The previous chapter introduced the fundamentals of x86-64 assembly language programming. You learned how to use the x86-64 instruction set to perform integer addition, subtraction, multiplication, and division. You also examined source code that illustrated use of logical instructions, shift operations, memory addressing modes, and conditional jumps and moves. In addition to learning about frequently used instructions, your initiation to x86-64 assembly language programming has also covered important practical details including assembler directives and calling convention requirements.

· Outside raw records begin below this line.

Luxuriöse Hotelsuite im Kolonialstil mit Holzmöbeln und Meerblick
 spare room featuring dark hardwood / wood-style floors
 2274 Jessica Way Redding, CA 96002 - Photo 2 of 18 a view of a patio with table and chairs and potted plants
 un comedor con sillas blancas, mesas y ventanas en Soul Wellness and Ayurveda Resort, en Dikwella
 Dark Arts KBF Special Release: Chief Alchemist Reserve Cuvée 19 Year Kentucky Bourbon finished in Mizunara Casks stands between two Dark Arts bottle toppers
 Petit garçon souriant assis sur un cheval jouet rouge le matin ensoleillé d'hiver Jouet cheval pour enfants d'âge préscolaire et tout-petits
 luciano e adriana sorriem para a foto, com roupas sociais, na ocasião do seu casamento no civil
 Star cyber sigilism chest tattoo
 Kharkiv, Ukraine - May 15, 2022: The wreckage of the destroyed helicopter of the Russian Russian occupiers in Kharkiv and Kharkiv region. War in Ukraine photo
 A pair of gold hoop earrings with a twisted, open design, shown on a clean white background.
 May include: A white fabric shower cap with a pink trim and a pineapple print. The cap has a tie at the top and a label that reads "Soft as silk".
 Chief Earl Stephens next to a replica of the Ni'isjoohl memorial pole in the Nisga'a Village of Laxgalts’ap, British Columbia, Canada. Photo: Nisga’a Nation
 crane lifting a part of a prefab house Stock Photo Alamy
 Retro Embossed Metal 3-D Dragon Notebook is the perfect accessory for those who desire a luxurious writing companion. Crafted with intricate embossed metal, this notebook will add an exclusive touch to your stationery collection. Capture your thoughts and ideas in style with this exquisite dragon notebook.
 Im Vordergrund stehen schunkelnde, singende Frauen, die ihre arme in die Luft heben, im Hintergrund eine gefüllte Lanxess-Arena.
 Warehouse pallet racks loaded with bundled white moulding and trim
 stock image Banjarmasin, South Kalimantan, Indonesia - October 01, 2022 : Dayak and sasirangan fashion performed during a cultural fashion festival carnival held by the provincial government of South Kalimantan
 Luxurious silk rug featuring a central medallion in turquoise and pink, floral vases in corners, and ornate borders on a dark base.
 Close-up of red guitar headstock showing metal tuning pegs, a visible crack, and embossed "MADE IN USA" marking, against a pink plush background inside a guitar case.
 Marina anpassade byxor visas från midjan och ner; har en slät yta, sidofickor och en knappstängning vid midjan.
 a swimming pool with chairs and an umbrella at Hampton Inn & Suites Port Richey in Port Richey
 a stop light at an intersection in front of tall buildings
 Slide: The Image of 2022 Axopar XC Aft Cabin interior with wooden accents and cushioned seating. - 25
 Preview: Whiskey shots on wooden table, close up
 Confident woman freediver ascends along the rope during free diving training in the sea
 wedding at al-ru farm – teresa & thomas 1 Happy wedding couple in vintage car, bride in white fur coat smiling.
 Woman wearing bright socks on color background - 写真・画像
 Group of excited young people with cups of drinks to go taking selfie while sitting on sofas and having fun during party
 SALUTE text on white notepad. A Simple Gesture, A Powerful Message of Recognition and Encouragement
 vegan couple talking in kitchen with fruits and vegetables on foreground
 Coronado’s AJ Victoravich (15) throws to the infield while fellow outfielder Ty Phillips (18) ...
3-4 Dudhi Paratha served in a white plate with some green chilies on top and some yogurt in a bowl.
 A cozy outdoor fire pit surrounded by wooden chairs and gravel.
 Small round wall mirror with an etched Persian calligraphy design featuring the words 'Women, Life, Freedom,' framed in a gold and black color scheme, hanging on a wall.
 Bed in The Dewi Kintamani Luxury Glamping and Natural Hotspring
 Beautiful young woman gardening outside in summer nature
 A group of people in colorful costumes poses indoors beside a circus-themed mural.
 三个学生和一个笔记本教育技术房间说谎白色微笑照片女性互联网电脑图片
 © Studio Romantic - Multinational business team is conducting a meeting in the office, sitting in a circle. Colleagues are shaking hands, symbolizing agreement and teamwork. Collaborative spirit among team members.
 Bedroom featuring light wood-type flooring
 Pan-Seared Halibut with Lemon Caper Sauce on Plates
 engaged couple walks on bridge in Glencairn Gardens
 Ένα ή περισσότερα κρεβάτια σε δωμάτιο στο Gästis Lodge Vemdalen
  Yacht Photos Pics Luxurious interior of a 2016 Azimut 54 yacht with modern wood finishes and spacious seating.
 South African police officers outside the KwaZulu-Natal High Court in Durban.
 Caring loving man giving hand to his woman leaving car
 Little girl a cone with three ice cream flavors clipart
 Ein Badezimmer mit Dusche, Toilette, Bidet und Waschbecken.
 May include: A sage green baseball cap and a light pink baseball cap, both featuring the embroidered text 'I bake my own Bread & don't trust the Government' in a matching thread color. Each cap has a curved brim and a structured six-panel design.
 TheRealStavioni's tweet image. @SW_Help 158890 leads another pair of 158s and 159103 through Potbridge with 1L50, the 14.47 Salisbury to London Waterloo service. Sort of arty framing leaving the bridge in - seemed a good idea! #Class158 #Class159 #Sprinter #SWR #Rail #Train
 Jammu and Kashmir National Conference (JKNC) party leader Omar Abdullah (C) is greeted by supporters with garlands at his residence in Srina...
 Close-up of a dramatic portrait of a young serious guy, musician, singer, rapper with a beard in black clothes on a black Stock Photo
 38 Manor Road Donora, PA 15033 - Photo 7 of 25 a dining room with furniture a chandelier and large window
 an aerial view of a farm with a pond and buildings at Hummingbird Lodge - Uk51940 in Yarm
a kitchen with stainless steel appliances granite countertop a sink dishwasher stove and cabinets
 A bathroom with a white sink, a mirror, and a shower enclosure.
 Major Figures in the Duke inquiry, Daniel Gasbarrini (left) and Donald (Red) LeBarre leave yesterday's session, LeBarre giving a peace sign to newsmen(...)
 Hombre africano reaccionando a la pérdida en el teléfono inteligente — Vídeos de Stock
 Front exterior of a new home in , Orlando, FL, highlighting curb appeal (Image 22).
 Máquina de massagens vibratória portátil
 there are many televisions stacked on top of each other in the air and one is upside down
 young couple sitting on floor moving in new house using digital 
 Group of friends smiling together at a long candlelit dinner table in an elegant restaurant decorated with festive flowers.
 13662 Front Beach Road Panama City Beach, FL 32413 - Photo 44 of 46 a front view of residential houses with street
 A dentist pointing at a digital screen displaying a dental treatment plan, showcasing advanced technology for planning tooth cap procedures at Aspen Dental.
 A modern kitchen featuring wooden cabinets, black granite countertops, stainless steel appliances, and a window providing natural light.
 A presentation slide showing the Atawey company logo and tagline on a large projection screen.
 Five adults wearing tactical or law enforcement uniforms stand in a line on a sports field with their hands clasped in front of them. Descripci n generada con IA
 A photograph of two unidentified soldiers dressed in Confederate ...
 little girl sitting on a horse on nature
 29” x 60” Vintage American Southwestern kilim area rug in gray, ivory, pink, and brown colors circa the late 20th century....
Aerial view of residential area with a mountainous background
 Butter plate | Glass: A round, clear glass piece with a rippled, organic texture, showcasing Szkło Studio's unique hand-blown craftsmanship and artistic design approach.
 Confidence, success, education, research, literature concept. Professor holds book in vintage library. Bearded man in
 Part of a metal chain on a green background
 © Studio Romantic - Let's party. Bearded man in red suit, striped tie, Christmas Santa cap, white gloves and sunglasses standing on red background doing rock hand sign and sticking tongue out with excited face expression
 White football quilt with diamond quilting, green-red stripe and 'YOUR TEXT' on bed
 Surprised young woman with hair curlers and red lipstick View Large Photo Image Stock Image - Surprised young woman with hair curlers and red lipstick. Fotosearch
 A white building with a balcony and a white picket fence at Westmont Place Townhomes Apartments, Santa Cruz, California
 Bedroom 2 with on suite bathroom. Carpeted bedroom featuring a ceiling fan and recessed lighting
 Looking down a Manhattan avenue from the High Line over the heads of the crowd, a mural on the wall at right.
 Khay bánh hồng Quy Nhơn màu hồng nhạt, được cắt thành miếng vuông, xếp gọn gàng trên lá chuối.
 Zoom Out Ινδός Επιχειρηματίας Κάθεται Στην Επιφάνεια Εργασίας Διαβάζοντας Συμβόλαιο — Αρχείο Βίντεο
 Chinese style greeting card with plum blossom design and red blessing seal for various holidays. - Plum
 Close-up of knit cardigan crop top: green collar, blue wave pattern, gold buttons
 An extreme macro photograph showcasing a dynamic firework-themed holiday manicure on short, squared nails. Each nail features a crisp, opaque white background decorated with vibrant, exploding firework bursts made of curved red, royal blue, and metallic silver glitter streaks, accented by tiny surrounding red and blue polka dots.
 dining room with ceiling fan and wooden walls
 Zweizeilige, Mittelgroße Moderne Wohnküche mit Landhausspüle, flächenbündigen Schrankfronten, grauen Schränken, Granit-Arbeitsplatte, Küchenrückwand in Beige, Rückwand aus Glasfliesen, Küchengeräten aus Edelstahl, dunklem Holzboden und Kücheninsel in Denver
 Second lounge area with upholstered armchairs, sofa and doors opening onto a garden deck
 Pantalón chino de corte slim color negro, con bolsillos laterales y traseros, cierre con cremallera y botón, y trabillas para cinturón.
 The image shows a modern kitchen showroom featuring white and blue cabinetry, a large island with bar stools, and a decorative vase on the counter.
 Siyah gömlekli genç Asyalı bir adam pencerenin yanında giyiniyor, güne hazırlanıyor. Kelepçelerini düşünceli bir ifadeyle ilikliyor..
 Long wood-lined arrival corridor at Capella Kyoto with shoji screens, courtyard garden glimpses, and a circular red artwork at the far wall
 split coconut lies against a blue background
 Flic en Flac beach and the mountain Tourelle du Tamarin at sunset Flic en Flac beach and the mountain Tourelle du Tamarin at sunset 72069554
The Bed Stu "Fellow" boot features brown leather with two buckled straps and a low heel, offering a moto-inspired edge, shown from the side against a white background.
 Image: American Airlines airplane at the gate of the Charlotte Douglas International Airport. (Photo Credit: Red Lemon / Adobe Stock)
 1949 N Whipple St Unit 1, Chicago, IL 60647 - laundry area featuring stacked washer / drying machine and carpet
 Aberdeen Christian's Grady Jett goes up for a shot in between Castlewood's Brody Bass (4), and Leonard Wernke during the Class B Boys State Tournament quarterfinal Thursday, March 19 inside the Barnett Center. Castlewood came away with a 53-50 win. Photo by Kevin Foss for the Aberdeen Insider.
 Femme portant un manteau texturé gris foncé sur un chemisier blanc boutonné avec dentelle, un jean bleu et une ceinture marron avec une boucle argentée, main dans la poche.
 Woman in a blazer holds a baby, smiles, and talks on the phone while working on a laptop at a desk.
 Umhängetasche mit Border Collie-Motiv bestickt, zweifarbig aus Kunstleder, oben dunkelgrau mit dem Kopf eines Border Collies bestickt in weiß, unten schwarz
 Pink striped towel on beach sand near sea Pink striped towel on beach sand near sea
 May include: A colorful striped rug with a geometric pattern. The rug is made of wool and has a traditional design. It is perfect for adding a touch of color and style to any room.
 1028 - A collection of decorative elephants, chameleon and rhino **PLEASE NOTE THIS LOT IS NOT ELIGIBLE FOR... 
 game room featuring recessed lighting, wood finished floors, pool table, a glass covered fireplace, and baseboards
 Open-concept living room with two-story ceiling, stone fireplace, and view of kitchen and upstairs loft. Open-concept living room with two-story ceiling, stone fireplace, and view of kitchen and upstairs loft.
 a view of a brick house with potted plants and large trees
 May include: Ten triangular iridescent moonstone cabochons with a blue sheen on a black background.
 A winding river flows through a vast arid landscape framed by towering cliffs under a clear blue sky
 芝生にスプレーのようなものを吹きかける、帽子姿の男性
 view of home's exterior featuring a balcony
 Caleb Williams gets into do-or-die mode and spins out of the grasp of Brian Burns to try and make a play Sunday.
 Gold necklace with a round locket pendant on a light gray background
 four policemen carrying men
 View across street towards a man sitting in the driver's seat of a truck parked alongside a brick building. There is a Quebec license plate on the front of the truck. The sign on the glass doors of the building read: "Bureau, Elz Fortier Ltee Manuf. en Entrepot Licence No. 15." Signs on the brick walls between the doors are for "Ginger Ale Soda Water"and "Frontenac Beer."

In this chapter, your exploration of x86-64 assembly language programming fundamentals continues. You’ll learn how to use additional x86-64 instructions and assembler directives. You’ll also study source code that elucidates how to manipulate common programming constructs including arrays and data structures. This chapter concludes with several examples that demonstrate use of the x86’s string instructions.
Arrays
Arrays are an indispensable data construct in virtually all programming languages. In C++ there is an inherent connection between arrays and pointers since the name of an array is essentially a pointer to its first element. Moreover, whenever an array is used as a C++ function parameter, a pointer is passed instead of duplicating the array on the stack. Pointers are also employed for arrays that are dynamically allocated at runtime. This section examines x86-64 assembly language code that processes arrays. The first two sample programs demonstrate how to perform simple operations using one-dimensional arrays. This is followed by two examples that explain the techniques necessary to access the elements of a two-dimensional array.
One-Dimensional Arrays
In C++ one-dimensional arrays are stored in a contiguous block of memory that can be statically allocated at compile time or dynamically during program execution. The elements of a C++ array are accessed using zero-based indexing, which means that valid indices for an array of size N range from 0 to N-1. The sample code of this section includes examples that carry out basic operations with one-dimensional arrays using the x86-64 instruction set.
Accessing Elements
Example Ch03_01
Using Elements in Calculations
Example Ch03_02
The x86-64 assembly language function CalcArrayValues_ computes y[i] = x[i] * a + b. If you examine the declaration for this function in the C++ code, you will notice that the source array x is declared as an int while the destination array y is declared as long long. The other function arguments a, b, and n are declared as int, short, and int respectively. The remainder of the C++ code includes the function CalcArrayValuesCpp that also computes the specified array transformation for comparison purposes. It also includes code to display the results.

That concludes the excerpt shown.